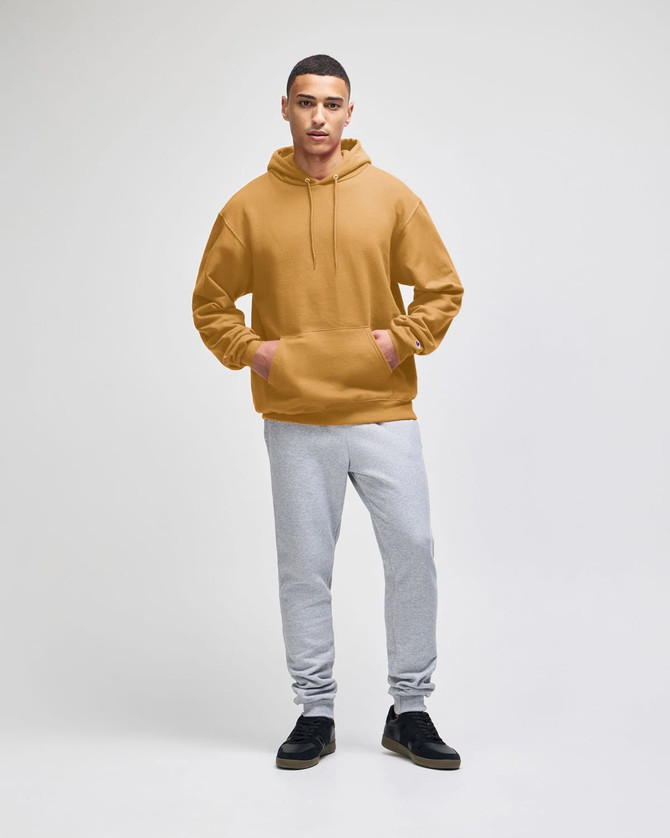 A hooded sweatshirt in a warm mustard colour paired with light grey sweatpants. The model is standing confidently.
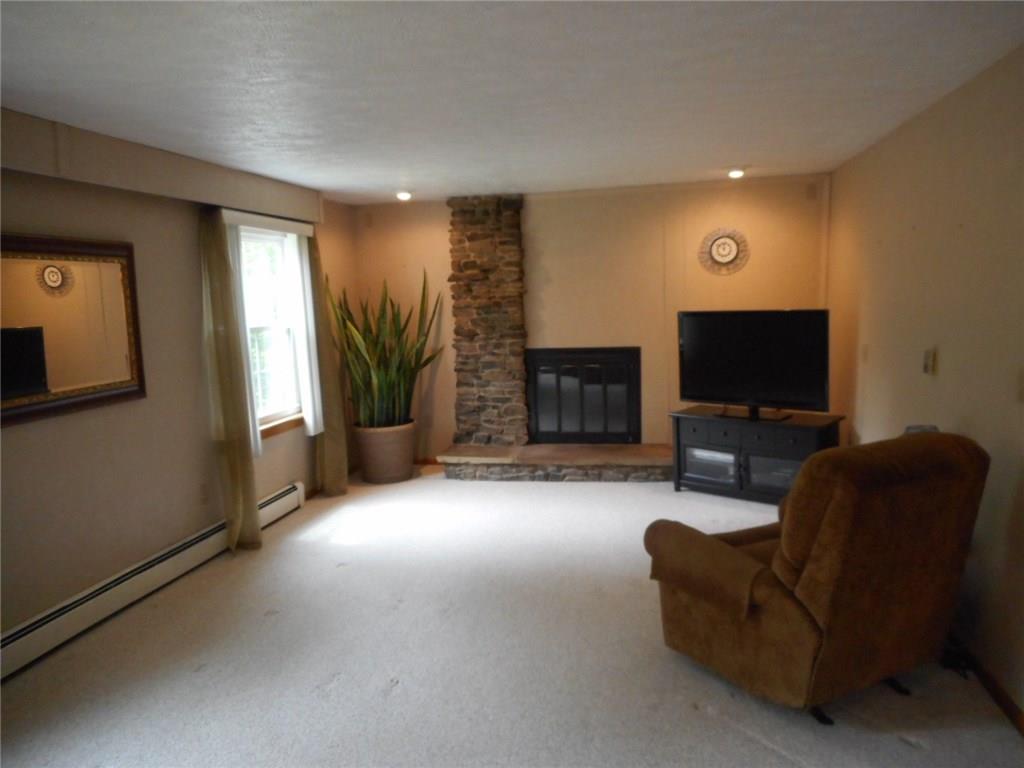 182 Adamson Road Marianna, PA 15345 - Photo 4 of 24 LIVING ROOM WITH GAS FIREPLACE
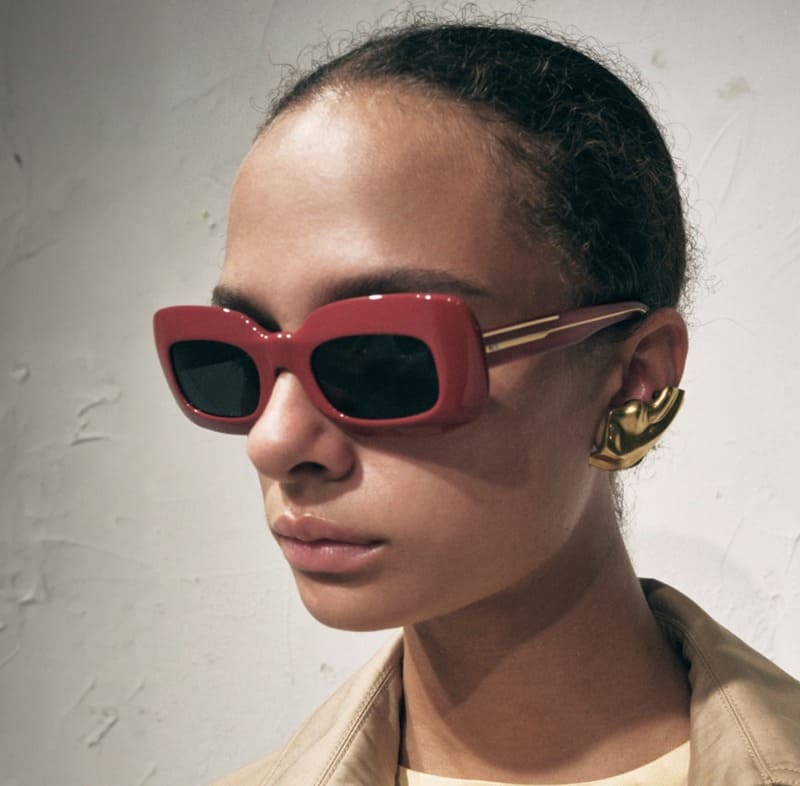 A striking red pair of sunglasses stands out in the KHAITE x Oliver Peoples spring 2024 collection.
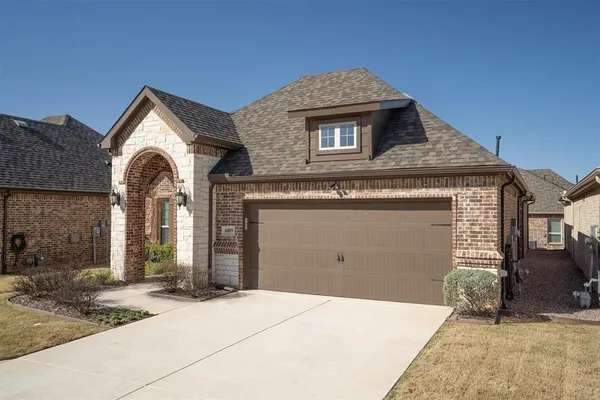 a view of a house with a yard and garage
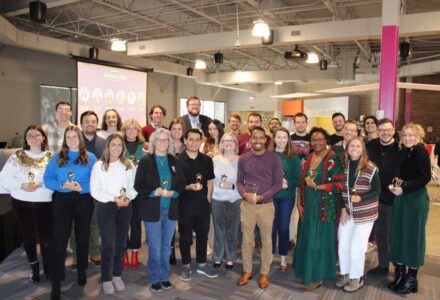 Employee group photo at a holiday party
==*==
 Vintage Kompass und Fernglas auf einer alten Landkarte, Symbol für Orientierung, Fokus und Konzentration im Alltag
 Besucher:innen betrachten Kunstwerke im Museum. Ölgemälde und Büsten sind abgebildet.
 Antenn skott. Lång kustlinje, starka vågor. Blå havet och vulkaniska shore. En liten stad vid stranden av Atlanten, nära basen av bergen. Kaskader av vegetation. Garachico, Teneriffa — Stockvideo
==*==
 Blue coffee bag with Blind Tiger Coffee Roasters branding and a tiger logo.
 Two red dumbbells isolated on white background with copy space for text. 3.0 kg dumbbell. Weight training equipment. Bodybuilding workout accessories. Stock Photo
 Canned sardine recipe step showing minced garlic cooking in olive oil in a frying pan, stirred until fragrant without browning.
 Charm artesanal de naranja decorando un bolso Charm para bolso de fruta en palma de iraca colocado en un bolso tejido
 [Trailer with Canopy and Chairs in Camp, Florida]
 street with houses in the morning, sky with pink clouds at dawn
==*==
WORK INSTRUCTION:
Within the material above, output exactly the lines from the one with "Two red dumbbells" through the one with "street with houses", end lines included, and nothing besides.

EXERCISE RESPONSE:
 Two red dumbbells isolated on white background with copy space for text. 3.0 kg dumbbell. Weight training equipment. Bodybuilding workout accessories. Stock Photo
 Canned sardine recipe step showing minced garlic cooking in olive oil in a frying pan, stirred until fragrant without browning.
 Charm artesanal de naranja decorando un bolso Charm para bolso de fruta en palma de iraca colocado en un bolso tejido
 [Trailer with Canopy and Chairs in Camp, Florida]
 street with houses in the morning, sky with pink clouds at dawn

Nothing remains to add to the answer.